Even up until last winter there in Kobeh Valley there were at least a couple hundred horses that were starving. But nothing was worse than what happened in the country south of there in the 1990s. Clear from U.S. Highway 6, all the way up through Little Sand Springs Valley and that country, clear to U.S. Highway 50, the range was eaten off to nothing. Water holes were tromped in -- water developments destroyed.

All because people from all over the country seem to think they have to have a say in how our wild horses are to be managed.

I've taken a lot of pictures of dying horses over the years. Pictures of horses attempting to suck water from the mud of a spring which has been nearly destroyed by the trampling of horses. Sometimes you can see how the horse has pawed the ground -- too weak to get up -- suffering day after day, until the poor thing finally died.
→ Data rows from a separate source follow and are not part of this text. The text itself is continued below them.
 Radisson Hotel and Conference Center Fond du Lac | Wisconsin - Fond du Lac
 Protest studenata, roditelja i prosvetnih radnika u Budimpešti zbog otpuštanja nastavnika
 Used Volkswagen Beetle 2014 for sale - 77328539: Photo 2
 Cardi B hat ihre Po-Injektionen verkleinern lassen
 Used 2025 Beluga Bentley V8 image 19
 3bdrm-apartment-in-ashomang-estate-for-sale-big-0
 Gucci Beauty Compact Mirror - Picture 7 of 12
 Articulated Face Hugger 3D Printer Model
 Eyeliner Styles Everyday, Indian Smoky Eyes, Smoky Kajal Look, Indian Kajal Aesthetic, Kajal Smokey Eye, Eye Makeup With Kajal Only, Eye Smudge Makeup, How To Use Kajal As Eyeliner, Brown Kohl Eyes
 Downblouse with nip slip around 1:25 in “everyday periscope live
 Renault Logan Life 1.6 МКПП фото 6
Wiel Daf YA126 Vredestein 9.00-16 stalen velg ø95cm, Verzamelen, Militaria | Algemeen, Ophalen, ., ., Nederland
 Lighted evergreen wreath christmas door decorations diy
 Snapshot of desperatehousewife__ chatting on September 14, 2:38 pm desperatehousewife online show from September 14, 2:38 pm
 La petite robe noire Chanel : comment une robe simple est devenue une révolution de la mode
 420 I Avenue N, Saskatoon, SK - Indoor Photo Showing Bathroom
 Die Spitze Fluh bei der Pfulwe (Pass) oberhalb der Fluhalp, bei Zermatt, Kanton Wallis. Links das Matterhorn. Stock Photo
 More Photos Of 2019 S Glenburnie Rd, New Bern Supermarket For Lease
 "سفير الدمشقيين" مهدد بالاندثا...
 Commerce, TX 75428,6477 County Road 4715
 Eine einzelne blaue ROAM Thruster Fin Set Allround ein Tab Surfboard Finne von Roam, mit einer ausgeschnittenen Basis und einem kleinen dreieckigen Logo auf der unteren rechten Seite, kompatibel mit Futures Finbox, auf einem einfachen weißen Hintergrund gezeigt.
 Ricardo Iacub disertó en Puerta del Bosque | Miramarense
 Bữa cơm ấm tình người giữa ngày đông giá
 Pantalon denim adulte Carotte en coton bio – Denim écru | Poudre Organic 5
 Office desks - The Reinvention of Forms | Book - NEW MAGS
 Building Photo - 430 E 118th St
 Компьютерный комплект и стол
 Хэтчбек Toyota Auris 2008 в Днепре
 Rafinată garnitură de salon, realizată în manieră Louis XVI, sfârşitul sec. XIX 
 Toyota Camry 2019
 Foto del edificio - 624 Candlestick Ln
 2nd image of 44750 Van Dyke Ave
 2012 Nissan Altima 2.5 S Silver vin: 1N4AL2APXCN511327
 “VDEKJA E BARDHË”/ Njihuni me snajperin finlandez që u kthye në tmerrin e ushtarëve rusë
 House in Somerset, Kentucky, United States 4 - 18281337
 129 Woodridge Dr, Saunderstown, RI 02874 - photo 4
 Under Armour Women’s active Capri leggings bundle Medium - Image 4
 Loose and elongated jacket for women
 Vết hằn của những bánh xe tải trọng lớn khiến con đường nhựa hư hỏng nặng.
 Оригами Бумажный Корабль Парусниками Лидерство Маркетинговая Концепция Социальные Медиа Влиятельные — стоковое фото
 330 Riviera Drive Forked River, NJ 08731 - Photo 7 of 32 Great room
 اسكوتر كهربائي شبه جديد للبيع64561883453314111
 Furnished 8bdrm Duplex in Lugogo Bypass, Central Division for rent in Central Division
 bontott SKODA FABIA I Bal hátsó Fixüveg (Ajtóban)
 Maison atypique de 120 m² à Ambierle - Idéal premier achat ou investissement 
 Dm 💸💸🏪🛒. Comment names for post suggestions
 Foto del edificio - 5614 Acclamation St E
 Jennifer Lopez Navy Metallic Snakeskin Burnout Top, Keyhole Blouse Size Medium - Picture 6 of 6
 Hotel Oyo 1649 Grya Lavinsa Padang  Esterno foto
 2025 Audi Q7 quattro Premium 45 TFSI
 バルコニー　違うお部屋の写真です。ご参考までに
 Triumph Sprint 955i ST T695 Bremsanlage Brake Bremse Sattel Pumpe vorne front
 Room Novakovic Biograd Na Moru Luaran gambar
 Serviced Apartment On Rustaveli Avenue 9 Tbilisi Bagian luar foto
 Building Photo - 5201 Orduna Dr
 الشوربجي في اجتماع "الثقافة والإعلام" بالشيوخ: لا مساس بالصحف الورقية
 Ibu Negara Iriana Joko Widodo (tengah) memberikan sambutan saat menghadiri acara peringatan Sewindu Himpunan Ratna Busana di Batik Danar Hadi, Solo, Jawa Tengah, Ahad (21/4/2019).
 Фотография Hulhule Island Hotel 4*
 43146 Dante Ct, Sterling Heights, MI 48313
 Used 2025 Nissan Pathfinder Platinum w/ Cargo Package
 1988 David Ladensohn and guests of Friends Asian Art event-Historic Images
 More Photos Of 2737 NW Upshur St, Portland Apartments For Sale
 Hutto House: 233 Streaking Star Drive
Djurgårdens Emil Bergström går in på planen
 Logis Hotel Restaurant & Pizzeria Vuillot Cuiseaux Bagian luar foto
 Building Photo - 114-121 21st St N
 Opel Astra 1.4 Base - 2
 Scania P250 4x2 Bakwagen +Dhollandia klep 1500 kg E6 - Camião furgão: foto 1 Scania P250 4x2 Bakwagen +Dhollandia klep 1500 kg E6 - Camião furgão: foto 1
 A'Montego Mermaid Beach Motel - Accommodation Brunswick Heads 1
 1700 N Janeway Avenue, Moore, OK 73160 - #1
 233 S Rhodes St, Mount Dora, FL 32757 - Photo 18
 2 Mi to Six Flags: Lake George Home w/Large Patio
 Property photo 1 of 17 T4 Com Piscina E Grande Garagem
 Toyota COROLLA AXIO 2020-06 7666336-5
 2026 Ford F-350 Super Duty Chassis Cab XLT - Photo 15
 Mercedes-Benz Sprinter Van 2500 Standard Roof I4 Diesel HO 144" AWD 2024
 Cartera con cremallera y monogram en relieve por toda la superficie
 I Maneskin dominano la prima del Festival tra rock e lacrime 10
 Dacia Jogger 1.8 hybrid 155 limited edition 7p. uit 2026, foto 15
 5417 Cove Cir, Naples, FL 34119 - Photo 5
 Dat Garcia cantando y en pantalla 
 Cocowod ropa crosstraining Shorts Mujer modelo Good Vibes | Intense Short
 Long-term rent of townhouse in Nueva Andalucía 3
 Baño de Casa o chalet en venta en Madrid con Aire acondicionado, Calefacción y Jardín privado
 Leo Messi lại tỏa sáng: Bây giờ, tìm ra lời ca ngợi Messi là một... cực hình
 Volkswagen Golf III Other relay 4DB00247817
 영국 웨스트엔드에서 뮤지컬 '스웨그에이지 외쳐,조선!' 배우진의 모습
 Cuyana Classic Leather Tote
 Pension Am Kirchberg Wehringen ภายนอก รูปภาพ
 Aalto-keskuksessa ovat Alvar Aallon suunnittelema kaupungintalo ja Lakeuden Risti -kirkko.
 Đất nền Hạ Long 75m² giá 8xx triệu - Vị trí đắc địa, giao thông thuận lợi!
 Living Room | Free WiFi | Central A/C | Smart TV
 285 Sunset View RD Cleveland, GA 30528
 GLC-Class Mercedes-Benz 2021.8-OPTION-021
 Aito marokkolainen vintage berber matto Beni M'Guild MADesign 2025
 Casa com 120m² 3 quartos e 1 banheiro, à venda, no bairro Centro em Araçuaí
Just imagine, if you will, the total impact of these kinds of situations -- wildlife, livestock, everything suffers.

Horses, it should be remembered, are larger than most animals. Even under ideal conditions, when there is plenty of feed and water on a range, they'll run other livestock or wildlife off a water hole. But when conditions like this occur, it can be terrible. Dozens of horses, all standing around waiting for a chance to suck mud or sip a little water, half of them being big studs, kicking and fighting each other and fighting off all the younger and weaker animals.

Nothing can be more cruel than a bunch of mustang studs, biting and kicking everything around them. No other animal can compete. Colts get knocked down, trampled and separated from their mothers -- who are often so dehydrated they don't care whether they have a colt or not.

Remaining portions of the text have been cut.